- Exercise description -
What is needed is a verbatim copy of the data, minus the pictures.

Available data: Begin

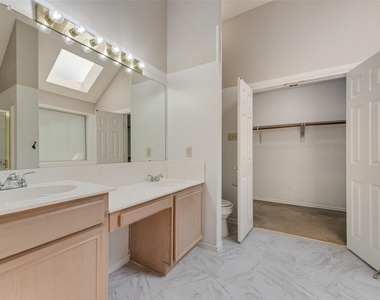 465 El Rio Drive - Photo Thumbnail 13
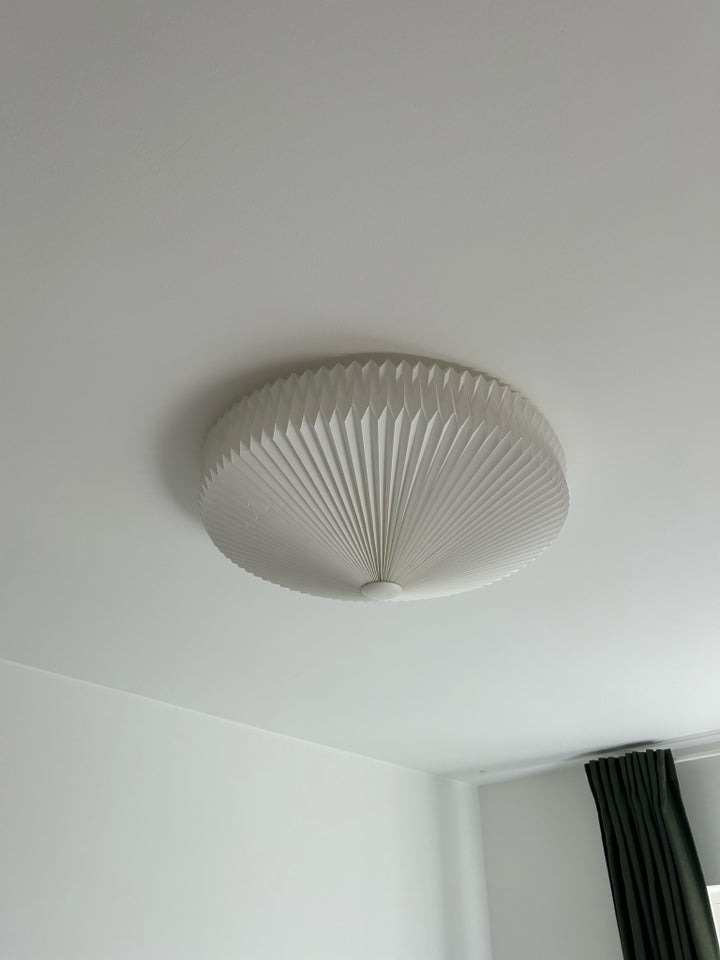 Le Klint Model 30 plafond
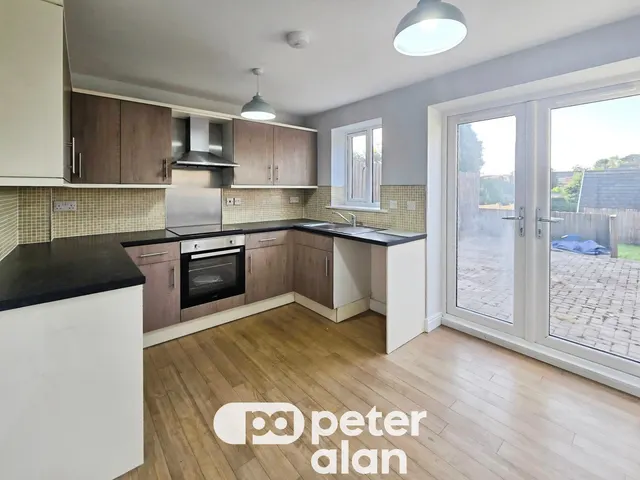 Dynevor Road, Neath, SA10, photo 2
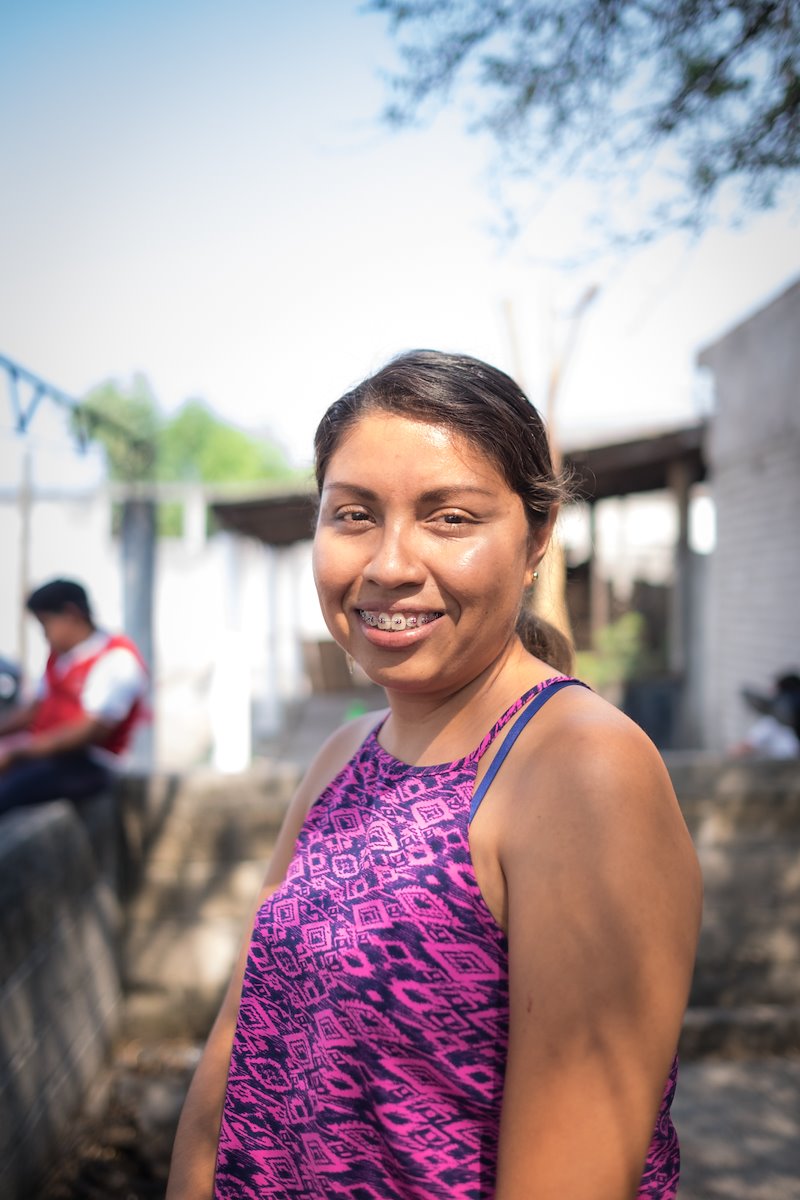 morelos_mexico_recovery_schoolbuild_beneficiary_one_headshot_smiling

Available data: End

- Response area -
 465 El Rio Drive - Photo Thumbnail 13
 Le Klint Model 30 plafond
 Dynevor Road, Neath, SA10, photo 2
 morelos_mexico_recovery_schoolbuild_beneficiary_one_headshot_smiling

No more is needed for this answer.